“The storm is receding and the skies are brightening,” Obama said, days before unemployment increased from 9.7 percent to 9.9 percent.
Okay, so our economy actually created a decent number of jobs this month, which is actual good news. Not the “things are getting worse less rapidly than they were before” good news, but good news that represents actual progress.
But discouraged workers – those who had given up looking for work — are getting off the sidelines, and so we’re seeing the inverse of the phenomenon I described in this video. Instead of moving from “unemployed” to “discouraged,” workers who were “discouraged” are looking for work and not finding it, putting them back in the “unemployed” category.
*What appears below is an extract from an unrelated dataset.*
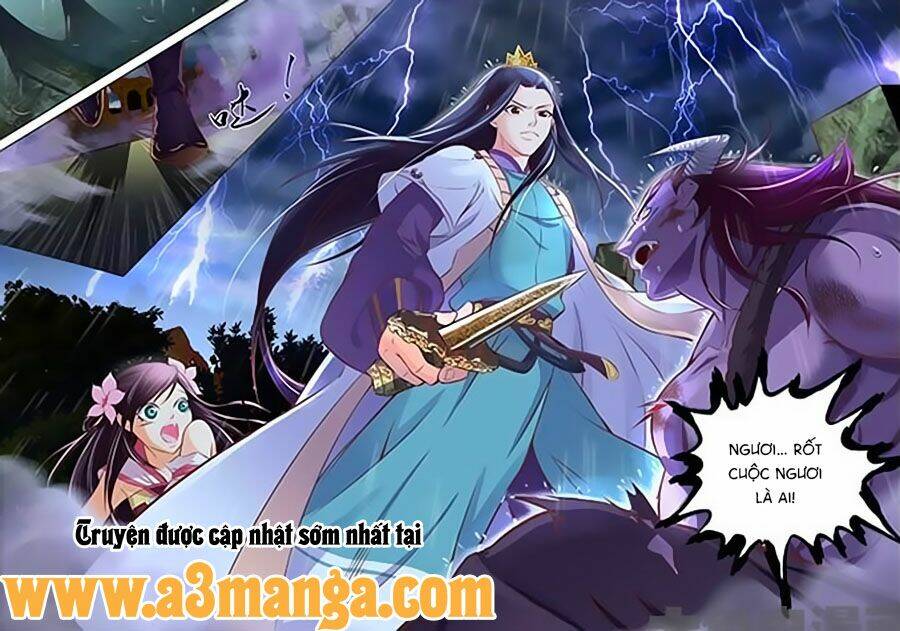 Trạch Thiên Ký: Chapter 5.2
That modest good news of jobs created is overwhelmed by the bigger picture:
The U.S. jobless rate rose to 9.9% in April, the first increase in three months, but the government’s broader measure of unemployment ticked up for the third month in a row, rising 0.2 percentage point to 17.1%.
The comprehensive gauge of labor underutilization, known as the “U-6″ for its data classification by the Labor Department, accounts for people who have stopped looking for work or who can’t find full-time jobs. Though the rate is still 0.3 percentage point below its high of 17.4% in October, its continuing divergence from the official number (the “U-3″ unemployment measure) indicates the job market has a long way to go before growth in the economy translates into relief for workers.
(On another video, I showcased all the gloomy signs of a lousy economy, even in a community where the official unemployment rate is only a bit above 5 percent.) If the unemployment numbers in September and October are close to today’s 9.9 percent, the number of GOP wins will be on the high end of that list of 99 I assembled.